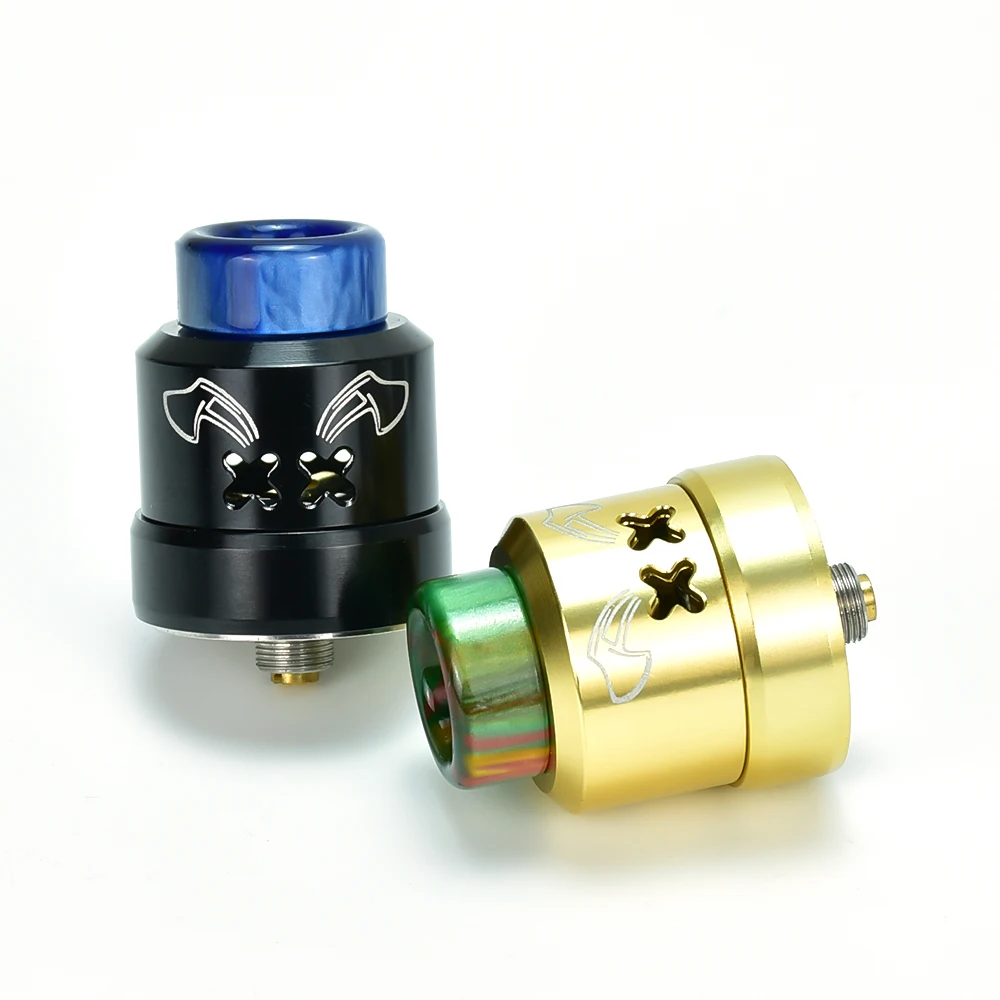 Vape RDA 810 Rda V3 RDA 28 atomizer tank for coils & atomizers - gallery image 3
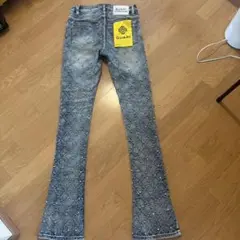 GUAPI PREMIUM フレアデニム　30 eyden着用のサムネイル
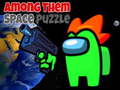 Ойын Among Us Them Space Puzzle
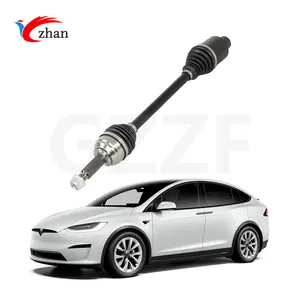 Hot Product Car Spare Parts Front Left Driver Side CV Axle Shaft For Tesla Model X 2016 2017 2018 2019 1420113-00-B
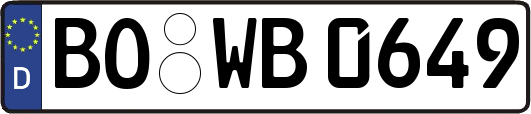 BO-WB0649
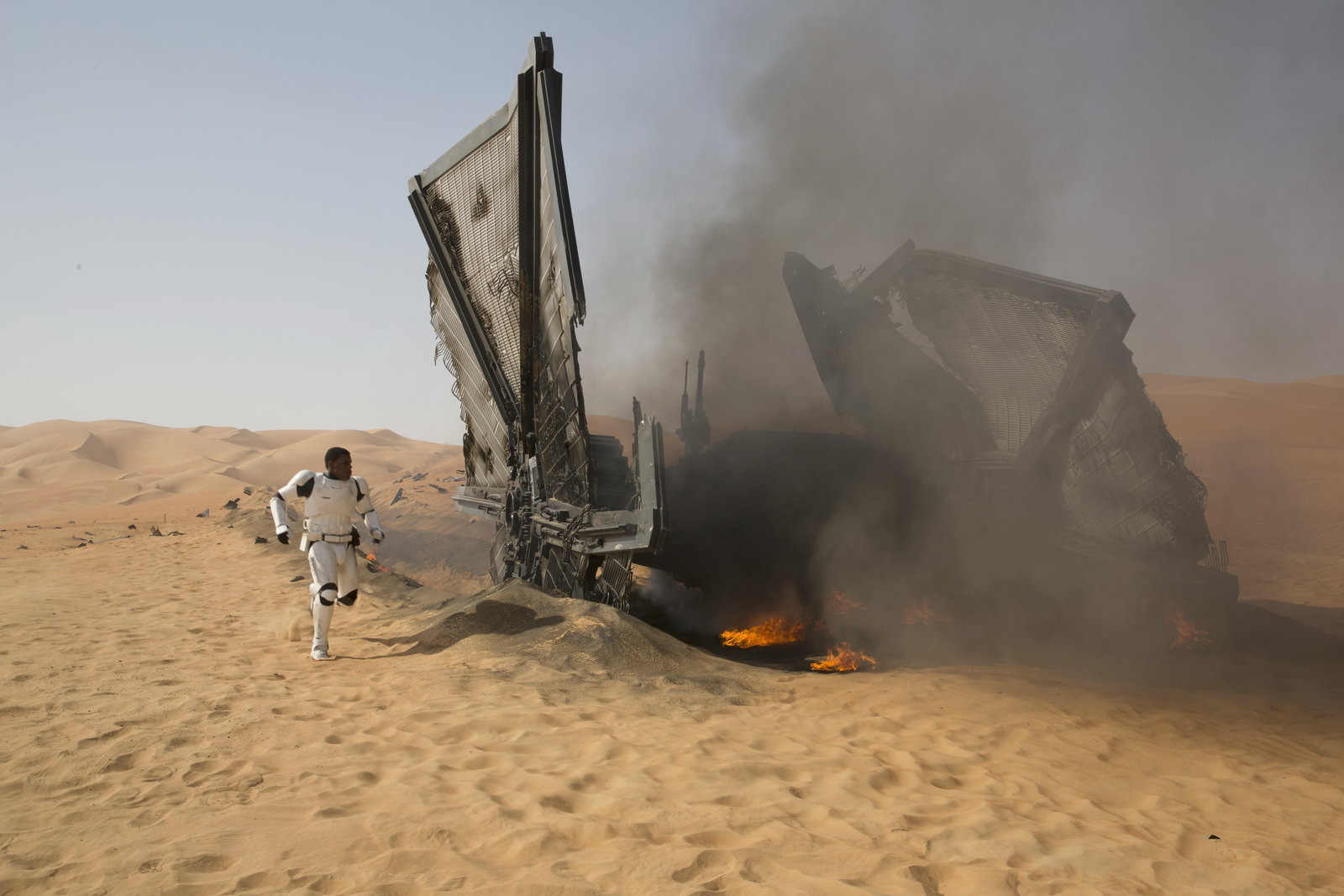 Star Wars Episode 7 - Das Erwachen der Macht (4K Ultra HD)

• Work order:
With the pictures left out, restate word for word every line of the data above, from the first down to the line that contains "Hot Product Car".

• Reply:
 Vape RDA 810 Rda V3 RDA 28 atomizer tank for coils & atomizers - gallery image 3
 GUAPI PREMIUM フレアデニム　30 eyden着用のサムネイル
 Ойын Among Us Them Space Puzzle
 Hot Product Car Spare Parts Front Left Driver Side CV Axle Shaft For Tesla Model X 2016 2017 2018 2019 1420113-00-B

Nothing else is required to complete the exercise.